Deep discomfort
The Comfort Inn at 90 Maine Mall Road is drab and shabby, even by budget-hotel standards. The lobby is poorly lit. The piped-in smooth jazz, mixed with the crisp smell of industrial cleaning supplies and faint tang of a summer’s worth of human traffic, almost makes me queasy. Checking in, I wonder what Mohammed Atta might have thought when doing the same. Was he preoccupied with the task he’d be carrying out in the morning, or did he take time to notice the tourists in tacky clothes dawdling around him? Did he look at the dowdy front-desk attendant with the friendly voice and think of her as an American citizen? Someone he wanted to murder?
Outside, towering above the hot tarred parking lot, is a letter-board sign: COME CELEBRATE SUMMER WITH US. I imagine a similar sign was posted there the week after Labor Day five years ago. I think of Atta and al Omari chuckling at its sunny obliviousness as they pull into their last stop before decisively ending the summer of 2001 — and life as we’d known it up to that point.
Inside the room are more signs. On the back of the bathroom door is an admonition to run the vent when showering because “steam and heat may set off the smoke detector.” There’s another on the other door: a diagram of this box-shaped, four-story brick building, mapping its emergency exit plan with arrows and a walking-not-running stick figure. Did they look at these signs and think of the mammoth conflagration they were about to unleash, the people who’d be seeking escape via endless stairwells or upper-story leaps? Within minutes of my check-in, a low-flying plane rumbles loudly overhead. Did they hear it? Did they think of it with queasy foreboding, or did their hearts quicken with excitement?

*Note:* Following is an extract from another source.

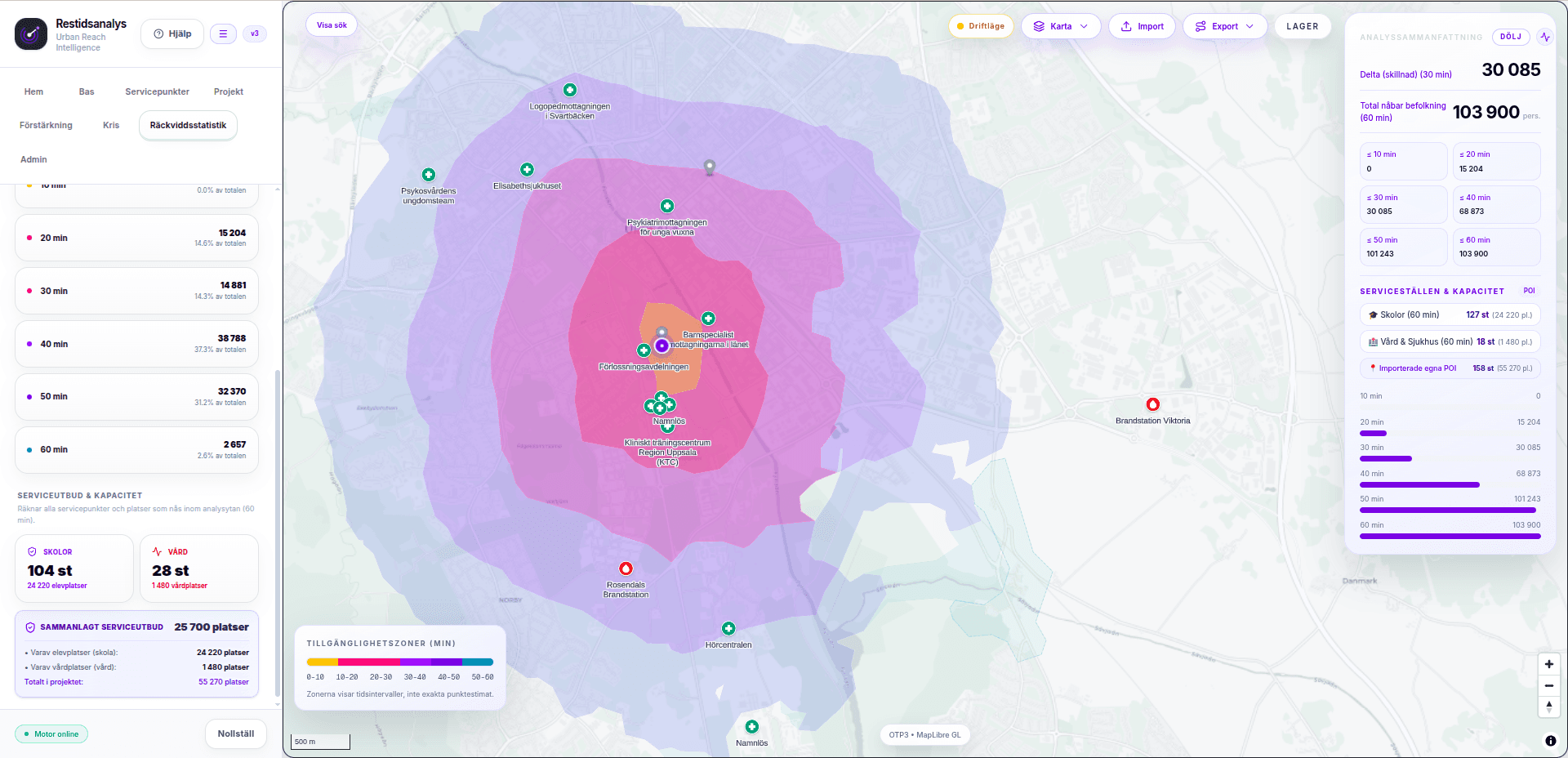 Multimodal tillgänglighetsanalys och restidszoner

 ATTA AND AL OMARI: visiting an ATM on 9/10 |
Forgive us our trespasses
More than two weeks after the attacks, the FBI released details of a handwritten note found in Mohammed Atta’s luggage, which never made it onto Flight 11 at Logan Airport. (Similar notes were found in Nawaf Alhazmi’s rental car at Dulles, and, incredibly, in the almost nonexistent wreckage of Flight 93 in Pennsylvania.) In the upper corner of page three of Atta’s note, written in Arabic, it says, “The last night.”“Remind yourself that in this night you will face many challenges,” it reads. “But you have to face them. . . . You should pray, you should fast. You should ask God for guidance, you should ask God for help. . . . Continue to pray throughout this night. Continue to recite the Koran.” It goes on:
Purify your heart and clean it from all earthly matters. The time of fun and waste has gone. The time of judgment has arrived. Hence we need to utilize those few hours to ask God for forgiveness. You have to be convinced that those few hours that are left you in your life are very few. From there you will begin to live the happy life, the infinite paradise. Be optimistic. The prophet was always optimistic. . . .
Everybody hates death, fears death. But only those, the believers who know the life after death and the reward after death, would be the ones who will be seeking death.